The alloc feature also enables compcol::vec (one-shot compress_to_vec / decompress_to_vec helpers). The std feature adds compcol::io (the Read/Write adapters) plus From<Error> for std::io::Error so adapter code can use ? freely.

features = ["all"] enables every algorithm and is the most ergonomic choice when you don't know in advance which formats you'll see.

The compcol binary is gated on features = ["factory"] so a --no-default-features library build doesn't try to compile it.

Errors

compcol::Error is a single crate-wide enum so trait objects work without GATs:

pub enum Error {
    Corrupt,             // generic malformed input
    UnexpectedEnd,       // finish() called mid-stream
    OutputTooSmall,      // codec has a minimum atomic output size
    BadHeader,           // container header malformed
    InvalidBlockType,    // deflate BTYPE=3, etc.
    InvalidHuffmanTree,  // code lengths violate Kraft inequality
    InvalidDistance,     // LZ77 back-reference out of range
    ChecksumMismatch,    // Adler-32 / CRC-32 mismatch
    TrailerMismatch,     // gzip ISIZE doesn't match output length
    Unsupported,         // option / mode this build doesn't implement
}

Development

cargo build                                                      # builds lib + bin (default features)
cargo build --no-default-features                                # bare no_std lib
cargo build --no-default-features --features rle                 # narrowest alloc-free build
cargo build --no-default-features --features all                 # every algorithm, still no_std

cargo test --all-features                                        # full test suite
cargo clippy --all-features --all-targets -- -D warnings         # lint clean
cargo fmt --all --check                                          # format clean

The crate currently ships with ~566 tests across 23 test binaries, including round-trip tests for every algorithm with an encoder, cross-validation against system gzip / xz / zstd / brotli / compress / lz4 / python3 lzo / python3 lzma, and hand-crafted hex fixtures for every decoder-only format (RAR 2/3/5, Quantum, LZX).

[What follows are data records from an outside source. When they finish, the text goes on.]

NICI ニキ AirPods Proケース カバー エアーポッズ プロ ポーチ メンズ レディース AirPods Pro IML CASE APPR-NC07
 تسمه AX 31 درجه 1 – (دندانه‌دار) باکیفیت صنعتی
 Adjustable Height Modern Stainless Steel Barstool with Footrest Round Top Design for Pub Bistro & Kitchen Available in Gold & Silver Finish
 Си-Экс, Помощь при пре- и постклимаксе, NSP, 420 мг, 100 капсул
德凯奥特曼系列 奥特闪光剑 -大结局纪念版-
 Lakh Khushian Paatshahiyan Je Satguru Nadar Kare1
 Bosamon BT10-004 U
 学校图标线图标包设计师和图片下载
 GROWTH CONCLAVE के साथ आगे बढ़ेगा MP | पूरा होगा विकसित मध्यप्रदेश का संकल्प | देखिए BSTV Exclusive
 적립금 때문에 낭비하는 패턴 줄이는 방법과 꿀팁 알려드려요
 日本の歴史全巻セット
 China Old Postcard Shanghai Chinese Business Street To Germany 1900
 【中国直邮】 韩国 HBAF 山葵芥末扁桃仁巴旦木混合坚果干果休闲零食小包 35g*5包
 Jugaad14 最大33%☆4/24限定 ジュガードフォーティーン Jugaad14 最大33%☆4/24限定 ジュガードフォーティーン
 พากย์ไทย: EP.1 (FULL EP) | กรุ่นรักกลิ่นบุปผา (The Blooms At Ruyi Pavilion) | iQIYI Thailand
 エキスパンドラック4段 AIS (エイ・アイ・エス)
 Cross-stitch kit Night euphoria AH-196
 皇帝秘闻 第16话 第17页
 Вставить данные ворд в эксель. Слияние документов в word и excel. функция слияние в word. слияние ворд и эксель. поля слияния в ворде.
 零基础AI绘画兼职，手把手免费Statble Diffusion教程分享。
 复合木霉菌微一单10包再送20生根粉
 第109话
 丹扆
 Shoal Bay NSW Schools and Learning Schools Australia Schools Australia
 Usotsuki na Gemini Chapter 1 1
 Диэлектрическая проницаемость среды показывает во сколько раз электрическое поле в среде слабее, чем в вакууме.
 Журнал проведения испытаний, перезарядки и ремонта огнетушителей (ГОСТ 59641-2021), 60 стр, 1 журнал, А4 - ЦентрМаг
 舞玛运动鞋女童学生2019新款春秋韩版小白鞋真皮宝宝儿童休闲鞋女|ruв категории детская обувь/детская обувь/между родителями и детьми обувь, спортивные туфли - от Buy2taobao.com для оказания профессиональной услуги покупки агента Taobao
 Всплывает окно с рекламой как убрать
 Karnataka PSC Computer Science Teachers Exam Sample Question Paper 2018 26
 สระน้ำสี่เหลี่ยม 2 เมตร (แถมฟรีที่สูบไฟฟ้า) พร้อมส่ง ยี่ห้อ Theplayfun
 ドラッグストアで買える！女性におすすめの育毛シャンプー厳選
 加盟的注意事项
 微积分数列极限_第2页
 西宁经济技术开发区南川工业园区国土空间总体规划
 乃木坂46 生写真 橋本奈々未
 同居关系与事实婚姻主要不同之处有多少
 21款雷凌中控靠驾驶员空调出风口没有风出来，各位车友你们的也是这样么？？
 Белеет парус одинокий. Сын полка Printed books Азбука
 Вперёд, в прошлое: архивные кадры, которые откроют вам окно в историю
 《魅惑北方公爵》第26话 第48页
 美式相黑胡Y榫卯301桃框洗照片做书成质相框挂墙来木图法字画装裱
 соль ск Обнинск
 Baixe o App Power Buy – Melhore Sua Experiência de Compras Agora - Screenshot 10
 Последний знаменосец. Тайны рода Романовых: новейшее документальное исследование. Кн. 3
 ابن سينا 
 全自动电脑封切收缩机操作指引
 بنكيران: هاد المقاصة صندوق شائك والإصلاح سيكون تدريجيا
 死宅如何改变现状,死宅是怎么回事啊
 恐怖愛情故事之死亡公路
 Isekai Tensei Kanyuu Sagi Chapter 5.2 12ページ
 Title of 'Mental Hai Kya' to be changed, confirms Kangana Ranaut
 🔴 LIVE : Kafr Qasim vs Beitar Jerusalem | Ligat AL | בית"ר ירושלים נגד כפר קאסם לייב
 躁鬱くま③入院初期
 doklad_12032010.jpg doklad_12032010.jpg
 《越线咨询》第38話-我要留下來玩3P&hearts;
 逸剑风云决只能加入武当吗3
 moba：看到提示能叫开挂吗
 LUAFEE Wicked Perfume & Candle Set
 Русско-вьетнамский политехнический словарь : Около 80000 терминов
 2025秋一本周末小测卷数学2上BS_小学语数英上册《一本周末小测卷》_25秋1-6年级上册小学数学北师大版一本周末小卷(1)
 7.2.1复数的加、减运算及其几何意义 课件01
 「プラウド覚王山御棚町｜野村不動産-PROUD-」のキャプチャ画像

A simple benchmark harness lives at examples/bench.rs. Run it with:

cargo run --release --features all --example bench

It measures each compiled-in algorithm's encoder/decoder throughput and compression ratio on a small fixed corpus and compares against the system reference when one is installed. A snapshot of the output is kept in BENCH.md.

License

MIT. © 2026 Karpeles Lab Inc.